You're nobody in the hotel trade without a spa these days and Rosa Alpina's is one of the best. After all that exhausting strolling there are clay treatments, ultrasound facials and the chance to indulge your Cleopatra complex with the "special skin care for two with milk bath". If you're brave, a serene white-coated massage technician will pummel you to within an inch of your dignity with a full-body workout.

By this time you'll have worked up an appetite. How many villages of 750 souls can boast three Michelin-starred restaurants within five minutes' drive? Sadly, we had time to try only two of them, the first of which, St Hubertus, was in the hotel itself. Its chef, the splendidly named Norbert Niederkofler, serves up regional dishes with a "gourmet twist". If you're in a large party or an exhibitionist you can book the chef's table (actually a private dining room with picture window to the kitchen) for the full theatrical experience. Just up the road La Siriola offers a more modish gastronautical experience, with creations such as a medley of tomato dishes from jelly, through soup to sorbet; plus local specialities including mountain hay soup, which tastes like, well, hay. But in a good way.

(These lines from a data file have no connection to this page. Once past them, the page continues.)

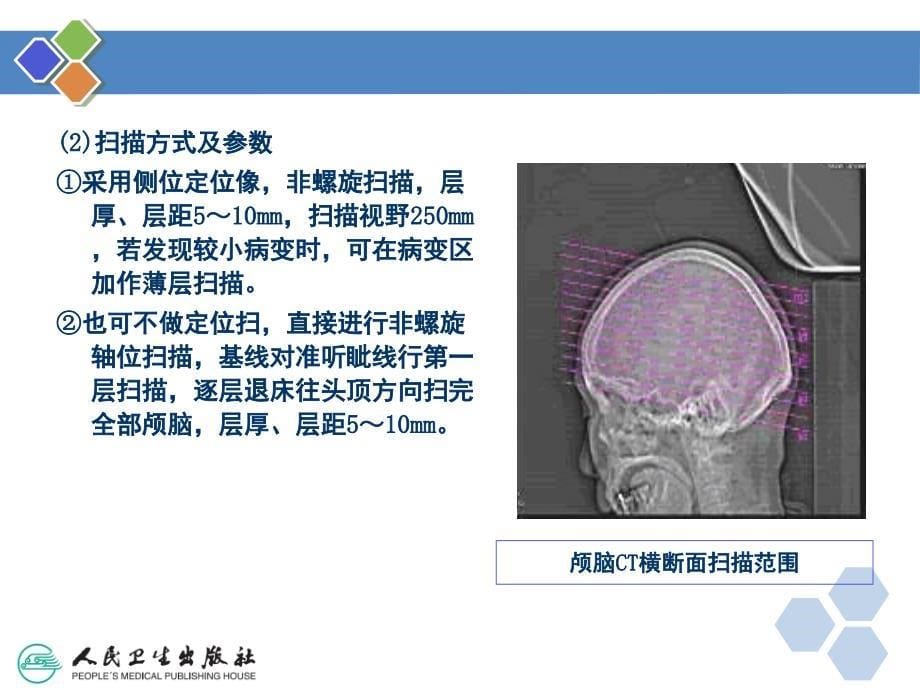 颅脑CT检查技术PPT课件_第5页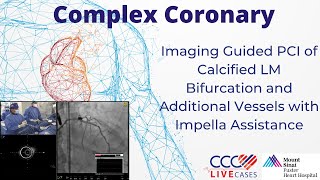 Imaging Guided PCI of Calcified LM Bifurcation and Additional Vessels with Impella Assistance [upl. by Mouldon]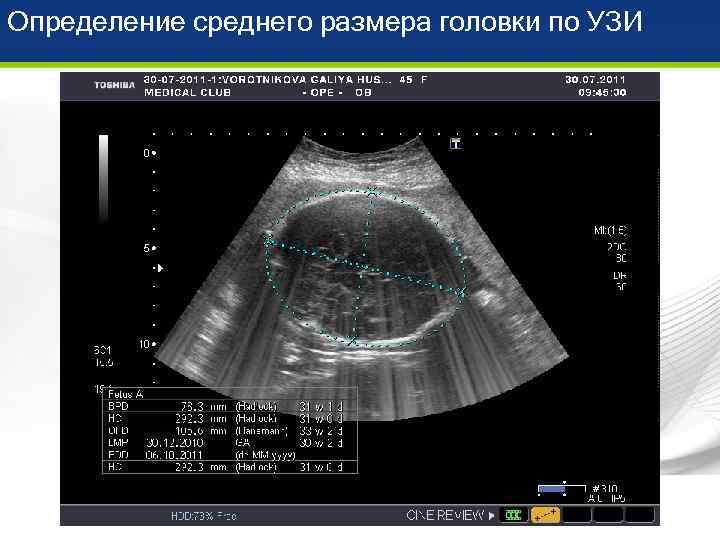 Определение среднего размера головки по УЗИ 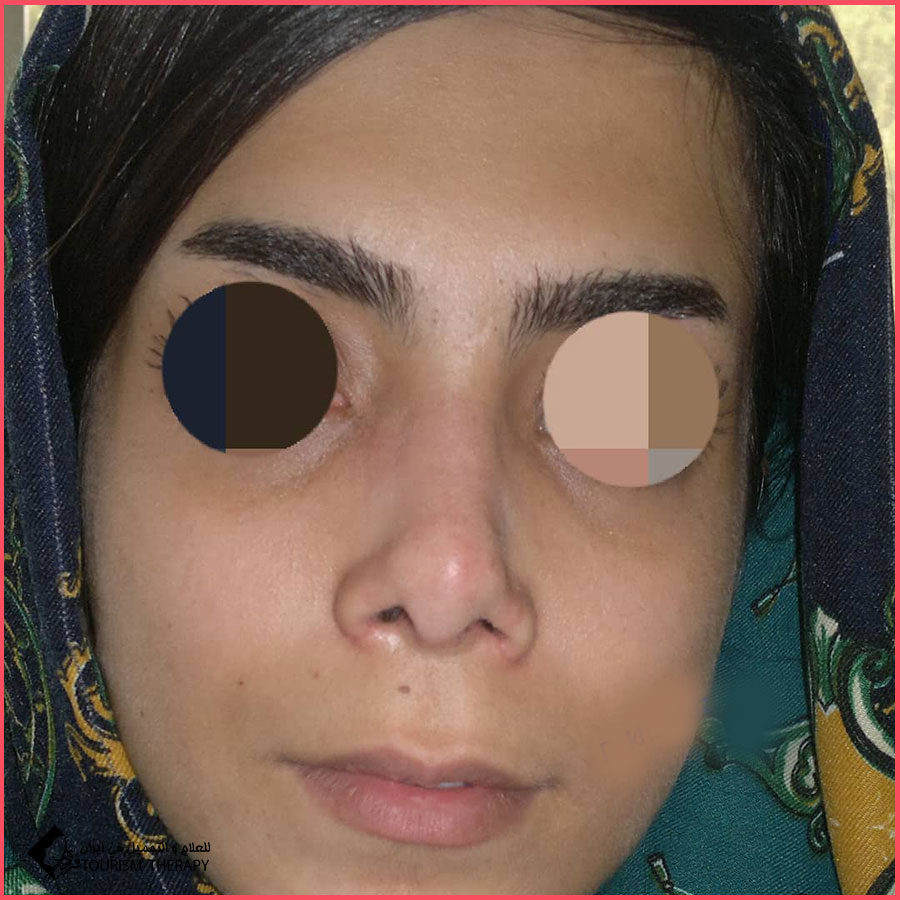 عملية تجميل الأنف | الدكتورة مريم خاكباز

San Cassiano is a three-hour drive from Venice, and as an extra treat on the way home we stayed at the Bauer Il Palladio hotel on the island of Giudecca. It's just across the water from St Mark's Square and next door to Sir Elton's humble palazzo but it's a world away from the miasma of a Venetian summer. Thick stone walls keep the interior cool and tranquil, and the front rooms give a spectacular panorama of the city.

Rosa Alpina: www.rosaalpina.it, 00 39 047 184 9500. Bauer Il Palladio: www.palladio hotelspa.it, 00 39 041 520 7022

September: Scotland

By Terry Kirby

"I know a bank," says Oberon in A Midsummer Night's Dream, "where the wild thyme blows, where oxlips and the nodding violet grows..." Well, Andy Fraser can do better than that. He knows where the even rarer wild mint blows, and where the sweet cicely pod is abundant. He can even find you wild thyme, if you want it. But today, scrambling up a mossy floored bank, Andy is searching for wild mushrooms.

We are not in Shakespeare's Arden, but on a wooded hillside on the west coast of Scotland. To our right, a burn tumbles down between black granite boulders, and through the trees it is just possible to see the sunlight glinting on Loch Linnhe, at the bottom of the Great Glen.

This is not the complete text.